Second World War veteran Raymond MacAulay recalls serving on the original HMCS Charlottetown
Raymond MacAulay will never forget feeling the violent explosions of torpedoes on Sept. 11, 1942.
The 92-year-old Second World War veteran was on the HMCS Charlottetown during the vessel’s visit to its namesake city on the weekend.
MacAulay, now a resident of Majorville, N.B., had served on the original HMCS Charlottetown in the Second World War when it was sunk by torpedoes just off the coast of Gaspe, N.B.
He was onboard the ship Saturday for breakfast with Commanding Officer Rod Druggett looking over a scrapbook with clippings and photos from his time on the original ship.
“It’s a great feeling knowing the present. Because we didn’t have much in the past,” said MacAulay. “A veteran appreciates the present and this is the present. We are the past and it’s nice to see the present so wellprepared.”
The ship was open to tours in Charlottetown during its stay, while crew members also participated in the 13th annual Children’s Wish Foundation Run for Wishes.
For MacAulay, the visit was sentimental.
Druggett noted there have been three ships with the name of Charlottetown, including one that was decommissioned after the Second World War.
“Obviously there’s a connection between the old and the new with Mr. MacAulay coming on this weekend,” said Druggett, who also presented MacAulay with a plaque of appreciation on Friday night. “He’s been on this ship several times. He was there to see the keel being raised, for the launch and for the commissioning.”
Born in Lower Millstream N.B., MacAulay joined the Navy in 1942 at the age of 18. Being a commissioned member of HMCS Charlottetown, MacAulay was part of 11 convoys.
“She went on the high seas and had done a lot of hard work,” said MacAulay. “We’d join large convoys moving across. Before we’d dare take them out, we had to sweep and clean to make it as safe as we could.”
The vessel had just left a convoy on Sept. 11, 1942, and was returning to base with the minesweeper HMCS Class Clayoquot. MacAulay remembers having just taken over the helm when he felt the ship being hit by two torpedoes.
“It was all of the sudden an awful feeling when the ship was torpedoed, it turned the steel red,” said MacAulay. “I’ll never forget it.”
The ship sunk just about 11 km off Cap-Chat in the St. Lawrence River.
While most of the ship’s crew, including MacAulay, were picked up by the Clayoquot, 10 members were lost including Lt. John Willard Bonner.
“It couldn’t have happened at a better hour because everybody was up. But the people in the engine room didn’t make it out,” he said. “I can still see the commander watching his ship.”
MacAulay finished the war serving on the second HMCS Ottawa and was a part of the Normandy landings commonly referred to as “D-Day.”

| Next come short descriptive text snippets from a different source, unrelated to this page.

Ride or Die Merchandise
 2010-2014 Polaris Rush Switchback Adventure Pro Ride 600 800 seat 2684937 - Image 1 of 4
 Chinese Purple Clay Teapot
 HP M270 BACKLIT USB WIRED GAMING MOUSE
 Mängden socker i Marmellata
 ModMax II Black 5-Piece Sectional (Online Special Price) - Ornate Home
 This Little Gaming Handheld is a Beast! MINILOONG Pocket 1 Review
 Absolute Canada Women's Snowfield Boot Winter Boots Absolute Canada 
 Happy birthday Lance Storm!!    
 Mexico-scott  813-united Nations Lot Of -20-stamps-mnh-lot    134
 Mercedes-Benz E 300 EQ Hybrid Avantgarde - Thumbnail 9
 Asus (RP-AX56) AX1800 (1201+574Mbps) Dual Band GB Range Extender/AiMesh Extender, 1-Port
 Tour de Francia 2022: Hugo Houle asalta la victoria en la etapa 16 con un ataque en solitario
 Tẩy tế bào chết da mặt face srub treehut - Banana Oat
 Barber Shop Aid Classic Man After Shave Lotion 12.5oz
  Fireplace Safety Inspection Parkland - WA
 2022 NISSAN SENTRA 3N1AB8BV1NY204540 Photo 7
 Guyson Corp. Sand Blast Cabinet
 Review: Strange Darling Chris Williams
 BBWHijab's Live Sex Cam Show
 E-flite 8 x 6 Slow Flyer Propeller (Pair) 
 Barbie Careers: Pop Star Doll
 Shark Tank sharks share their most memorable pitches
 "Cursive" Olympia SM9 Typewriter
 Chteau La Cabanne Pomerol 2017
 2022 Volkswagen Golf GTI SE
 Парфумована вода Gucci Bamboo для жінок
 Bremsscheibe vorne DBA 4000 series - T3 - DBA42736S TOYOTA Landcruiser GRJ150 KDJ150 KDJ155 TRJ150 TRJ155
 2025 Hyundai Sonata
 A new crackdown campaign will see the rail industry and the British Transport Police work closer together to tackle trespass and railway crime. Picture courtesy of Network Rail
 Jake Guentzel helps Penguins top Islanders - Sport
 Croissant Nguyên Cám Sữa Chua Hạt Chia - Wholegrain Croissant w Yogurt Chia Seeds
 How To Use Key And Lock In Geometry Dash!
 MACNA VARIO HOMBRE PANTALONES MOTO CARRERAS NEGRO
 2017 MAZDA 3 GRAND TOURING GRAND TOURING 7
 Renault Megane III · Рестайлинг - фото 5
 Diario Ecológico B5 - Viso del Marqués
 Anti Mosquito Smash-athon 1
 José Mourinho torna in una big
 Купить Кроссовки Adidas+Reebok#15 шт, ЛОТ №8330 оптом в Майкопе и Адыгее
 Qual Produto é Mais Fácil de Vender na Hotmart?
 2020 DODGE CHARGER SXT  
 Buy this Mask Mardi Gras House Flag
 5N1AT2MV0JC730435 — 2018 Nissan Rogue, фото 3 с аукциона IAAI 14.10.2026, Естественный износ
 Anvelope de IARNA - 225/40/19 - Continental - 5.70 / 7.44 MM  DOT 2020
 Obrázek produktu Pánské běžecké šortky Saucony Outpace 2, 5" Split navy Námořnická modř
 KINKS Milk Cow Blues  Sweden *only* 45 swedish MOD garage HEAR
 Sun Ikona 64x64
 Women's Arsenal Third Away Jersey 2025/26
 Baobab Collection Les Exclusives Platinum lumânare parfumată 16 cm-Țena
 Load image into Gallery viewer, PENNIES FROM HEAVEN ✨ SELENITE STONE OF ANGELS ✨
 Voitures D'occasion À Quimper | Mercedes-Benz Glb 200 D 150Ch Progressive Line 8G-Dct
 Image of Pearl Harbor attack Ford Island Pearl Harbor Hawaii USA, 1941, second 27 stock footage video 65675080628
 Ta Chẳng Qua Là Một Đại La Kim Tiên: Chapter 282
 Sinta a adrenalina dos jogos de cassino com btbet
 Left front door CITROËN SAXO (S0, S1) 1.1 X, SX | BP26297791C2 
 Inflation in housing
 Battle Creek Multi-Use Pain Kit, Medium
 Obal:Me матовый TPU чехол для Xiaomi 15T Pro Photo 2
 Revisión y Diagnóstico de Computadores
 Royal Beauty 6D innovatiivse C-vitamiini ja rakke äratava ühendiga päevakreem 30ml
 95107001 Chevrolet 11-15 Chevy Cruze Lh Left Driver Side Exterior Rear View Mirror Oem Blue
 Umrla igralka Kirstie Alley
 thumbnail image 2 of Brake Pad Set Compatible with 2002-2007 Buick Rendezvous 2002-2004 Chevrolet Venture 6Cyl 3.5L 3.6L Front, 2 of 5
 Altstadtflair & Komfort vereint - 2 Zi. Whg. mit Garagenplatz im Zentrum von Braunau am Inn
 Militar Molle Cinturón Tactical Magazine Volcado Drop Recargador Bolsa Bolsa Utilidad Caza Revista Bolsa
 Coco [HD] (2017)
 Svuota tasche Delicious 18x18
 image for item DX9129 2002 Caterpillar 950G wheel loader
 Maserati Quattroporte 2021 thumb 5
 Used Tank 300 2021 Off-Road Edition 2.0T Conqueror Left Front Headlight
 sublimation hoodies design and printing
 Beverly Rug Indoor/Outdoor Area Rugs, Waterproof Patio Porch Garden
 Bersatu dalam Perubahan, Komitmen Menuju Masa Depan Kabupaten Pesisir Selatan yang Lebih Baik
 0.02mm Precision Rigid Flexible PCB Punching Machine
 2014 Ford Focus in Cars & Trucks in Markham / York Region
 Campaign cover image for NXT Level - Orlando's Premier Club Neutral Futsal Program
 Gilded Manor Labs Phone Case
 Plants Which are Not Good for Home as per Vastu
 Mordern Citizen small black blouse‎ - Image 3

The efforts in that battle also led to MacAulay being awarded the Legion of Honour by the French government.
“It’s a great feeling to know they appreciated the work we had done to free their country,” said MacAulay. “We spent quite a few dark nights and days there.”
Second World War veteran Raymond MacAulay looks over a scrapbook of pictures with HMCS Charlottetown Commanding Officer Rod Druggett during the ship’s visit in its namesake city this past weekend. MacAulay served on the original HMCS Charlottetown and was on the ship when it was hit by torpedoes on Sept. 11, 1942.